** Exercise objective **
Reproduce exactly the lines from the one containing "Etui Karl Lagerfeld" through the last line of the data, both ends included.

** Short text fragments from websites **
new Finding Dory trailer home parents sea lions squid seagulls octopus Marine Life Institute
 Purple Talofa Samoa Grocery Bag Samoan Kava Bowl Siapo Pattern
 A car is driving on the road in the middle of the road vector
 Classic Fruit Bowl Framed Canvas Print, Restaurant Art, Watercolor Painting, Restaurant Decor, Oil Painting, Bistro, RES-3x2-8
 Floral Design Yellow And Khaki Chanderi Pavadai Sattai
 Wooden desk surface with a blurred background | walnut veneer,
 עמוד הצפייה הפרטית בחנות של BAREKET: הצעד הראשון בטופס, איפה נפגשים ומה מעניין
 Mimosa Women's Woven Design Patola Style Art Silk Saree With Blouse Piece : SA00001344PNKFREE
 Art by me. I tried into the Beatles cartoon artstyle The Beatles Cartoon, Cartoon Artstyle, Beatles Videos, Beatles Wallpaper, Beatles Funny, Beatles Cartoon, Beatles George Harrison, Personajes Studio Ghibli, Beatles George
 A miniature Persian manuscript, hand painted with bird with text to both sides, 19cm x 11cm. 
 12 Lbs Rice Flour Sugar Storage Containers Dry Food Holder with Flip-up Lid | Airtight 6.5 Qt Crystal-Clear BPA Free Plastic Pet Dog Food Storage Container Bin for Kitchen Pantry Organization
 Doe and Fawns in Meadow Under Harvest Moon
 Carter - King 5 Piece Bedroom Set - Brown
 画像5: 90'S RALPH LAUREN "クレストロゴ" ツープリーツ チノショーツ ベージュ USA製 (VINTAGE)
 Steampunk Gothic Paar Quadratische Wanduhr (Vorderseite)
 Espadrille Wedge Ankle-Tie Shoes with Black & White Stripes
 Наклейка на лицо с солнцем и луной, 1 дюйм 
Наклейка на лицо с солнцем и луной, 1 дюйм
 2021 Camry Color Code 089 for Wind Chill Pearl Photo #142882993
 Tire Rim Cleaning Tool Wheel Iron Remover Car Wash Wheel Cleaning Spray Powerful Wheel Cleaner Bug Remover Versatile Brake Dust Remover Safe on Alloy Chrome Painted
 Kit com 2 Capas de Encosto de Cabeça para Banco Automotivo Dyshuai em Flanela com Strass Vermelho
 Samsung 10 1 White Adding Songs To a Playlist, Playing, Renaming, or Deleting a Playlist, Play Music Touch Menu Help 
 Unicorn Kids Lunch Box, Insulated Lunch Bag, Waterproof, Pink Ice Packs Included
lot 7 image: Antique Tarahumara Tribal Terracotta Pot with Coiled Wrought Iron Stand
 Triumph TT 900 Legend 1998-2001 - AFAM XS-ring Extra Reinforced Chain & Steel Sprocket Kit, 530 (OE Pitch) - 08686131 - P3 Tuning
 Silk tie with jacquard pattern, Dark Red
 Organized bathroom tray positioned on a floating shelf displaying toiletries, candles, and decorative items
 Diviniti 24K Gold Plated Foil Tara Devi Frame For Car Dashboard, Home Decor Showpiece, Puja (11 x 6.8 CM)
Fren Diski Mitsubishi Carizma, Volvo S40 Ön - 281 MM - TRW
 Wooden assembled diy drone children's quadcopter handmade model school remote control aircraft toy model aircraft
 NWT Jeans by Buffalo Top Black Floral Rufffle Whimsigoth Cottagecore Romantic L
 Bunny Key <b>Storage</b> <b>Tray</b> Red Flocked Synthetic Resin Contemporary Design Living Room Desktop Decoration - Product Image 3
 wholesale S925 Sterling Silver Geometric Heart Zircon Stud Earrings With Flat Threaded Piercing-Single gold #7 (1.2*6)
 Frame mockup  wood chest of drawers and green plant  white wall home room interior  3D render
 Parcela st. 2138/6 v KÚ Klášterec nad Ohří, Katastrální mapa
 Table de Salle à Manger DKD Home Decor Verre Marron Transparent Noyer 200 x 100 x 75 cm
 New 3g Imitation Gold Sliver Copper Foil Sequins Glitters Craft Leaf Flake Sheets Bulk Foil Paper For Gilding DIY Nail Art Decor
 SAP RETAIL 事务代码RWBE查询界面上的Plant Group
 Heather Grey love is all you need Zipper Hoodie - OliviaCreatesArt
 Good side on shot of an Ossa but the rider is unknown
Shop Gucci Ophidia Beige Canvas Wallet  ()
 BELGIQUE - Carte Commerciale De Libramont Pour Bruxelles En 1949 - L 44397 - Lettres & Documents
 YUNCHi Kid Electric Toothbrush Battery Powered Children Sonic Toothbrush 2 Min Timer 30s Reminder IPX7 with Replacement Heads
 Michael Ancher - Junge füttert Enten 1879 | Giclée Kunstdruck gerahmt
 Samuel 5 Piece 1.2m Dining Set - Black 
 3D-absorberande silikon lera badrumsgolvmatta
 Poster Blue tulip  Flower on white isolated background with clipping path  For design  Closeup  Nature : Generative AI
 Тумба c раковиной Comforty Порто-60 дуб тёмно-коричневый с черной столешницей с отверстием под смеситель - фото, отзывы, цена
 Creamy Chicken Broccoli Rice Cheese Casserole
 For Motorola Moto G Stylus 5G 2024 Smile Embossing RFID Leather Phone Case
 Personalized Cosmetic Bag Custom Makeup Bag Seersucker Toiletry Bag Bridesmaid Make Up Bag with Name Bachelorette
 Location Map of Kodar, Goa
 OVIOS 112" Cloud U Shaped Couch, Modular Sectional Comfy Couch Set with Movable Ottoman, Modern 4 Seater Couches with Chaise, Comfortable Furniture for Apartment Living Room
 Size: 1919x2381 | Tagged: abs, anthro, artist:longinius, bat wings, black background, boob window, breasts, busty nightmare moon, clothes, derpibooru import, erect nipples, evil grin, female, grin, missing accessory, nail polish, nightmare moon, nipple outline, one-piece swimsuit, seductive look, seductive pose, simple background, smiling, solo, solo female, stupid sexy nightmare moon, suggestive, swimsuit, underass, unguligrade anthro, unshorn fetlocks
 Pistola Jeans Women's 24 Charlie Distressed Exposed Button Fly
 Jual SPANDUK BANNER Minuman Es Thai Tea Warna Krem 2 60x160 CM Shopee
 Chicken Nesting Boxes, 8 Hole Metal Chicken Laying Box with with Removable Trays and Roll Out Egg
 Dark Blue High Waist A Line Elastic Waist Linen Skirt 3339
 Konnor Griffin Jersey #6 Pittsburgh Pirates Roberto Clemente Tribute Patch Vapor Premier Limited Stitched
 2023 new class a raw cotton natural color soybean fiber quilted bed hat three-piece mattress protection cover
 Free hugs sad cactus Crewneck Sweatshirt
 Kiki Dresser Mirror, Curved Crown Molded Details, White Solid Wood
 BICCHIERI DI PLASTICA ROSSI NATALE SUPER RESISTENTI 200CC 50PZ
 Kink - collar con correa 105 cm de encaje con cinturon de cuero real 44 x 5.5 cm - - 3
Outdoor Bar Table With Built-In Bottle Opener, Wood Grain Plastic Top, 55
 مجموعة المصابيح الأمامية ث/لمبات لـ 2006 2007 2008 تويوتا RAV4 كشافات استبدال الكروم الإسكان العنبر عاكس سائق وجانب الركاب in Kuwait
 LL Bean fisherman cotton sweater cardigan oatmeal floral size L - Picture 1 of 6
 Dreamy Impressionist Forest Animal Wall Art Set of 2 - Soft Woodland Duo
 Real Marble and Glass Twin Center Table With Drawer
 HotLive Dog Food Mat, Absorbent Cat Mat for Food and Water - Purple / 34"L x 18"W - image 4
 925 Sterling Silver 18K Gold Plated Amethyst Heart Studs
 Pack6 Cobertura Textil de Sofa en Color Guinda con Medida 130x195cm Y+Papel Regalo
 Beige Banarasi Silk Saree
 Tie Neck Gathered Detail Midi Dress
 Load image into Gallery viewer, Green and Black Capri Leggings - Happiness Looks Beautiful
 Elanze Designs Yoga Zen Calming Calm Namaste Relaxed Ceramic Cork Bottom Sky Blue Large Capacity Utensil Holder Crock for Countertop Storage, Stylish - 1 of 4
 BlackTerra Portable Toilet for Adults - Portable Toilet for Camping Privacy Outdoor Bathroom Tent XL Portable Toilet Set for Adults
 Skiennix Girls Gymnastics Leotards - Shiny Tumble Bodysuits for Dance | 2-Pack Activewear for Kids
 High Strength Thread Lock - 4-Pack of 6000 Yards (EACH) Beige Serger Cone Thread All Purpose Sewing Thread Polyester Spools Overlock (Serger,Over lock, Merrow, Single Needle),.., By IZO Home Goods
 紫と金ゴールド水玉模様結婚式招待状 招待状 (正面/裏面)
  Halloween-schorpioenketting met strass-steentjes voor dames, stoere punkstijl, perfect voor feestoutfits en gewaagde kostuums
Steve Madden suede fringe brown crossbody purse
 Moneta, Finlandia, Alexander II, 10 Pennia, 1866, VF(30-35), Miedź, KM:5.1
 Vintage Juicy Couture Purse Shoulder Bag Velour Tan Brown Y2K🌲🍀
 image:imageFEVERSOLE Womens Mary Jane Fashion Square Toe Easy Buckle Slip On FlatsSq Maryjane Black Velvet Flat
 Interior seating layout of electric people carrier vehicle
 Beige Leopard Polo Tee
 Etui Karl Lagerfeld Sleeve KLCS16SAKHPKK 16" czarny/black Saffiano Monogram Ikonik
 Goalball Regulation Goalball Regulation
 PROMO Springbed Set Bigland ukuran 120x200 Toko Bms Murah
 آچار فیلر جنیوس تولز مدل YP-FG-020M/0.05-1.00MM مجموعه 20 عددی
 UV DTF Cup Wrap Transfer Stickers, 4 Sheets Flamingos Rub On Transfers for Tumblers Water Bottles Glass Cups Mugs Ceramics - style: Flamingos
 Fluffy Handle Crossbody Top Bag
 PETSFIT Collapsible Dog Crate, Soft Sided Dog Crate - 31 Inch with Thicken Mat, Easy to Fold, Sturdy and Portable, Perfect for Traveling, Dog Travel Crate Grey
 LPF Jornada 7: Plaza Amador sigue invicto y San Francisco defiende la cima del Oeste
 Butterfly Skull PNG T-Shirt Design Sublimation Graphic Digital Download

** Final answer **
 Etui Karl Lagerfeld Sleeve KLCS16SAKHPKK 16" czarny/black Saffiano Monogram Ikonik
 Goalball Regulation Goalball Regulation
 PROMO Springbed Set Bigland ukuran 120x200 Toko Bms Murah
 آچار فیلر جنیوس تولز مدل YP-FG-020M/0.05-1.00MM مجموعه 20 عددی
 UV DTF Cup Wrap Transfer Stickers, 4 Sheets Flamingos Rub On Transfers for Tumblers Water Bottles Glass Cups Mugs Ceramics - style: Flamingos
 Fluffy Handle Crossbody Top Bag
 PETSFIT Collapsible Dog Crate, Soft Sided Dog Crate - 31 Inch with Thicken Mat, Easy to Fold, Sturdy and Portable, Perfect for Traveling, Dog Travel Crate Grey
 LPF Jornada 7: Plaza Amador sigue invicto y San Francisco defiende la cima del Oeste
 Butterfly Skull PNG T-Shirt Design Sublimation Graphic Digital Download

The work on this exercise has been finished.